== INSTRUCTIONS FOR THE TASK ==
Give back exactly the lines starting at the one with "Glenna Goodacre Bronze Relief" and ending at the last line of the data below. Pictures are not part of the copy.

DATA below:

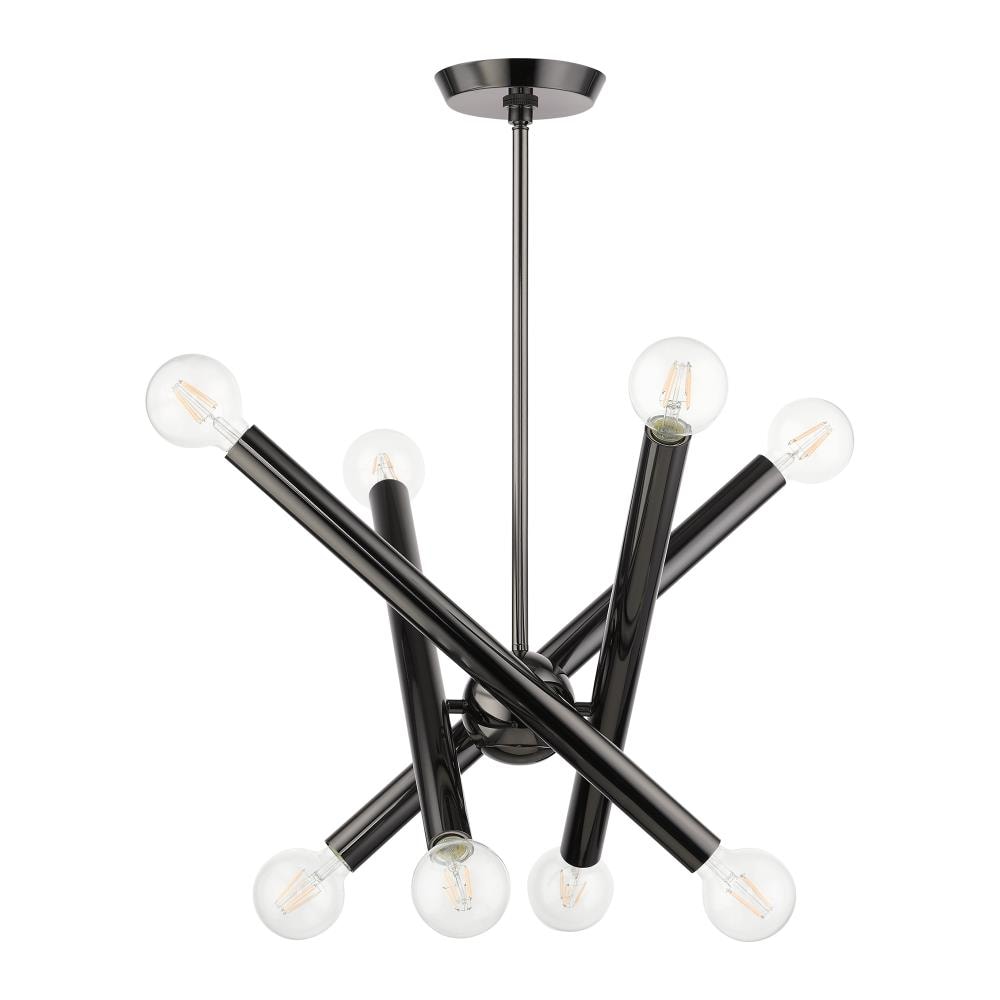 Stafford Black Chrome 8-Light Sputnik Chandelier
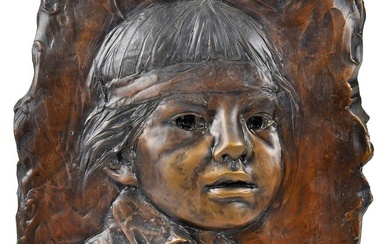Glenna Goodacre Bronze Relief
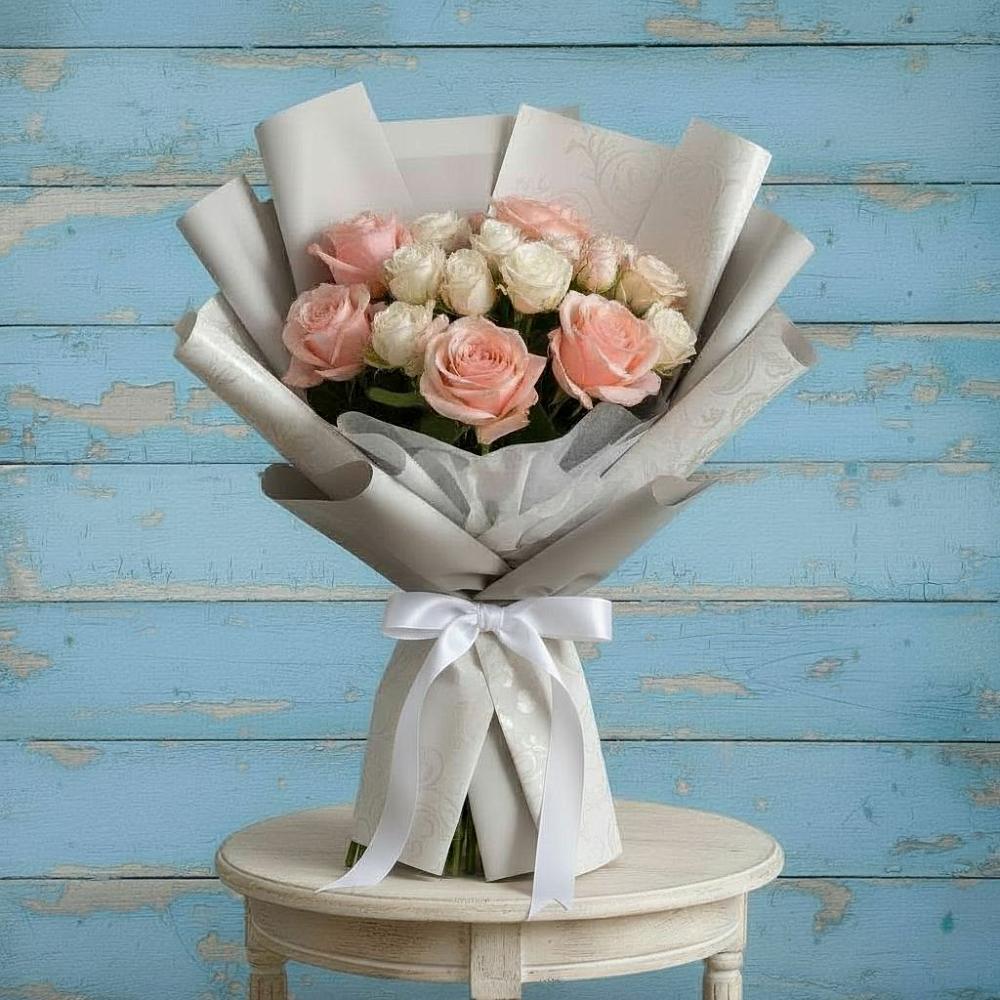 Букет цветов из: Розы в Курджиново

End of DATA.

== ANSWER BOX ==
Glenna Goodacre Bronze Relief
 Букет цветов из: Розы в Курджиново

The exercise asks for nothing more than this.